> _Data shown_
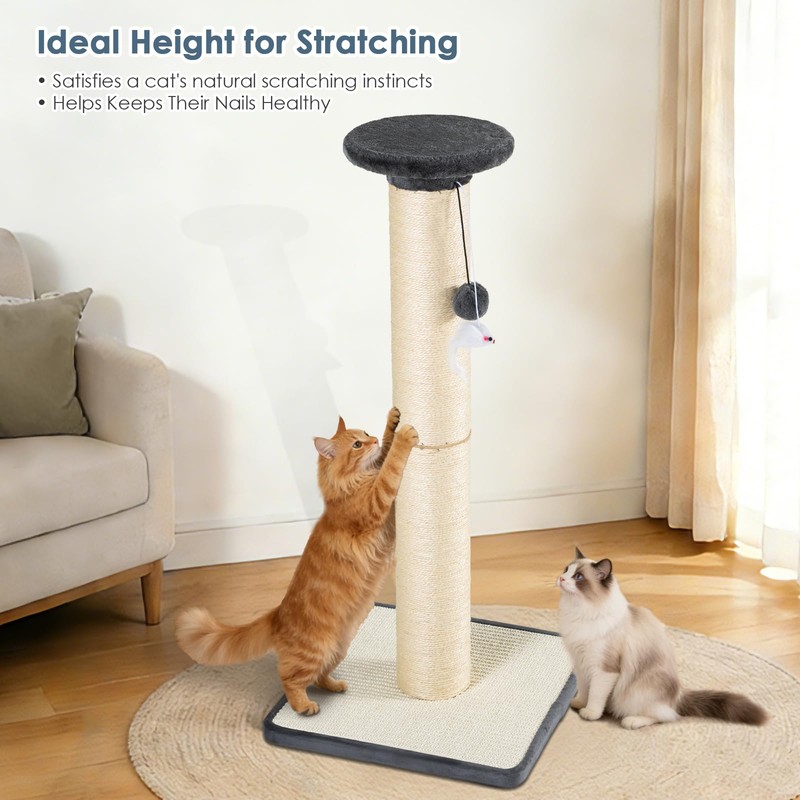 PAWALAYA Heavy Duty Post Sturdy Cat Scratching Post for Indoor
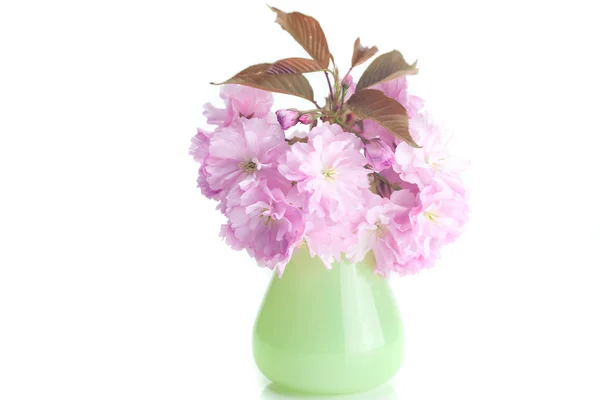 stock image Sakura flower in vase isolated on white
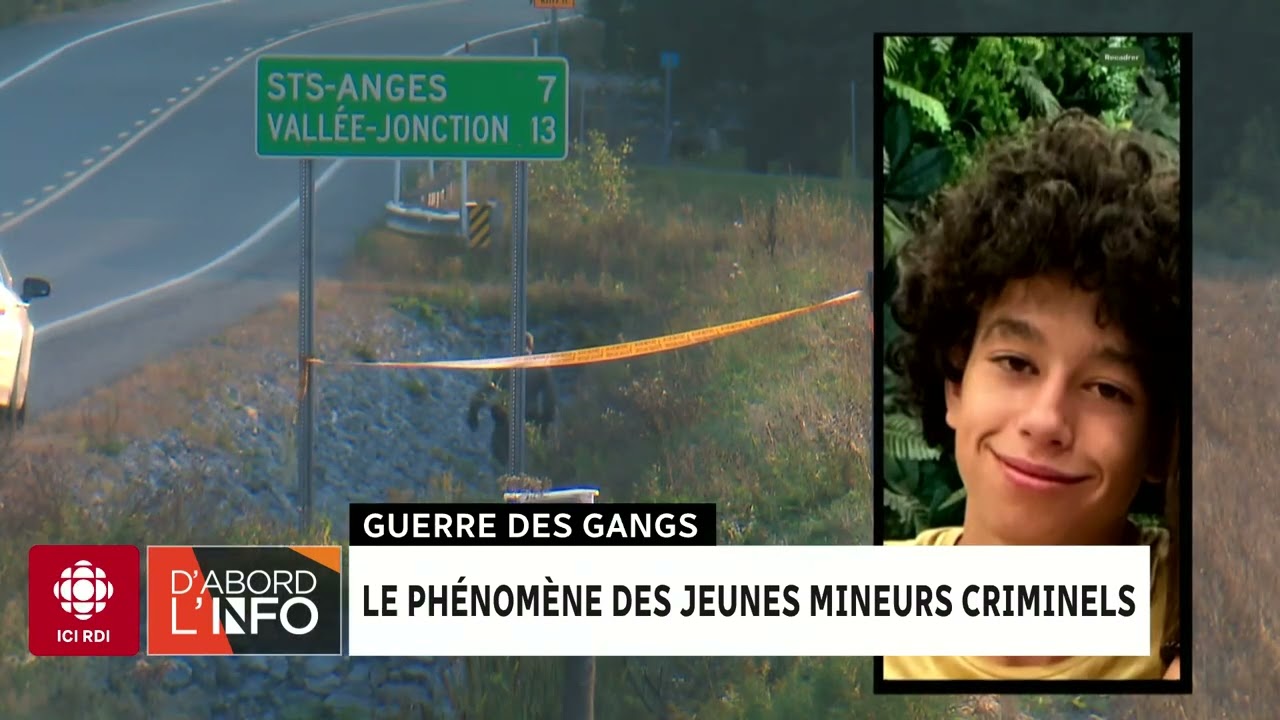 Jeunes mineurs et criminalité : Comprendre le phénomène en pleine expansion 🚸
* * *
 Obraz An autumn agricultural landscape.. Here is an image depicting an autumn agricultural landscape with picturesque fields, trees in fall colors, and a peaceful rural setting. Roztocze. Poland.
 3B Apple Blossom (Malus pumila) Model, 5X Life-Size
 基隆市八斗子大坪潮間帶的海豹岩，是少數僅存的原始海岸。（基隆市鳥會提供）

> _Exercise_
The line holding "PAWALAYA Heavy Duty" starts the copy and the line holding "Jeunes mineurs et" ends it. Repeat those two lines above and all between them exactly, leaving out pictures.

> _Output of the task_
 PAWALAYA Heavy Duty Post Sturdy Cat Scratching Post for Indoor
 stock image Sakura flower in vase isolated on white
 Jeunes mineurs et criminalité : Comprendre le phénomène en pleine expansion 🚸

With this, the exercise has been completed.